Para ele, o acesso a alimentos continua sendo um recurso de poder e um espelho das desigualdades globais.
“Não há como dissociar a fome das desigualdades que dividem ricos e pobres, homens e mulheres, nações desenvolvidas e nações em desenvolvimento.”
Segundo dados citados no discurso, o mundo produz comida suficiente para alimentar uma vez e meia toda a população mundial, mas 673 milhões de pessoas ainda enfrentam insegurança alimentar — uma contradição que Lula apontou como “o retrato moral do fracasso coletivo”.
Brasil fora do Mapa da Fome e o exemplo latino-americano
Lula celebrou o anúncio da FAO de que o Brasil voltou a sair do Mapa da Fome, resultado de políticas públicas de combate à pobreza e fortalecimento da agricultura familiar.
“Em 2024, alcançamos a menor proporção de domicílios em situação de insegurança alimentar grave da nossa história”, afirmou.
O presidente destacou também a redução do número de famílias com crianças menores de cinco anos em situação crítica e classificou o avanço como um ato de soberania nacional.
“Estamos interrompendo o ciclo de exclusão. Um país soberano é um país capaz de alimentar seu povo.”
Programas como o Bolsa Família, o PAA (Programa de Aquisição de Alimentos) e o fortalecimento do Conselho Nacional de Segurança Alimentar e Nutricional (Consea) foram mencionados como pilares da recuperação do país após os retrocessos sociais de governos anteriores.
Multilateralismo e papel da FAO
Ao lembrar os 80 anos da FAO, Lula exaltou o papel do multilateralismo na construção de respostas globais à fome e à pobreza.
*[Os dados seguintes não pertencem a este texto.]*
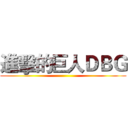 進擊的巨人ＤＢＧ ()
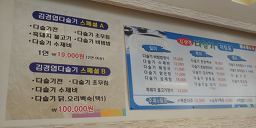 김경엽다슬기 1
“Não deixa dúvidas de que o mundo seria um lugar pior sem o multilateralismo”, disse.
“Graças à FAO, um número crescente de países reconheceu o direito à alimentação em sua legislação.”
O presidente recordou que há dez anos participou da celebração dos 70 anos da entidade, quando o mundo vivia o entusiasmo da Agenda 2030 e dos Objetivos de Desenvolvimento Sustentável (ODS). Hoje, segundo ele, a realidade é mais dura.
“Tanto nossa capacidade de agir coletivamente quanto o otimismo que nos animava estão abalados. Os desafios se aprofundaram, mas não temos alternativa senão persistir. Enquanto houver fome, a FAO permanecerá indispensável.”
A fala foi recebida com aplausos e interpretada por diplomatas como um chamado à reconstrução da solidariedade internacional, num momento em que a fome volta a crescer na África, na Ásia e até em partes da Europa.